Building a relationship with someone on the cusp of higher education is a delicate thing. Remembering just how oblivious and awkward I was at the end of my own high school experience, I tried to infuse an essential understanding of Rice as an accessible academic institution and a unique undergraduate experience into my awkwardness with this year’s owls.
But while engaged in one of these exchanges with prospective students, I came to a disturbing realization. I asked this particular prospective student where else he was considering attending. He scoffed and told me “Well Cornell, Duke and Columbia are my top choices,” in a tone that would drive even the most levelheaded, self-respecting Rice student to deck him for his arrogance. And yet, I found myself grinning. I knew that I had once spoken so arrogantly of Rice and I appreciated his foolish sentiment. He then said that he knew Rice was comparable to his top choices but that its lack of name recognition was too important to ignore. I was still unsurprised, but at that point, I was angry.
I feel like a rarity at an institution full of students for whom college was an expectation — not a privilege. For me college was a choice, and refusing it would not have been my death sentence in my parents’ eyes. Most Rice students enter — and many leave — with the idea that going to a world-renowned academic institution is just another step on the way to bourgeois upper middle class bliss. This is a wholly inappropriate way for undergraduates to pursue their chosen academic fields. The tradition of the university is invested in academics, not job training or networking. It is a wonder that Rice professors — some of the leading scholars in their fields — tolerate undergraduates who spend their classes going through the motions. These students trivialize the passion and the purpose of Rice professors.
This is not solely a problem at Rice, but rather a debate that encompasses all American institutions of higher education. Americans invest in the struggle to reach the upper-middle class or maintain their upper-middle class status because it is viewed as a milestone of a happy life. As more people take on this effort, college has become a must. Thousands of students now enter college out of need for a good job, rather than any desire for academic enlightenment. Thanks to scholarship and government funding alike, it is quickly becoming the majority view that college is right for all students so that they can get better jobs with more pay.
My problem with this phenomenon is not that people should not work to improve their lives. Rather, I find the myth that a college education is the only way to happiness and success in life to be absurd. I could point to plenty of overused examples of this in Europe and elsewhere, but instead I ask you to consider career choices of everyday Americans who live comfortably and happily without a degree: small business owners, firemen, policemen, real estate agents and military officials, to name a few.
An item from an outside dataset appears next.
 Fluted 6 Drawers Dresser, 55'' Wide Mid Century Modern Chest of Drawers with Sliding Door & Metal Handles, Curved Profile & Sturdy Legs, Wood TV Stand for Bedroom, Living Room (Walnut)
Attending the nation’s most prestigious universities is surely a legitimate opportunity to pursue a high-powered career — but it should be in addition, not at the expense, of true academic pursuit. We as a society call it “pursuing higher education,” not “pursuing higher opportunity,” for a reason.
I recognize that one does often facilitate the other, but perspective is important. I hope Rice students who come to understand this issue will have a change in attitude, or at least a new respect for academia. So when new students matriculate next fall, we should make sure to teach them that is not about moving big fish from small ponds to bigger ponds, but instead moving from academic domination to a school of exploration.
Bailey Rodriguez is a Lovett College sophomore.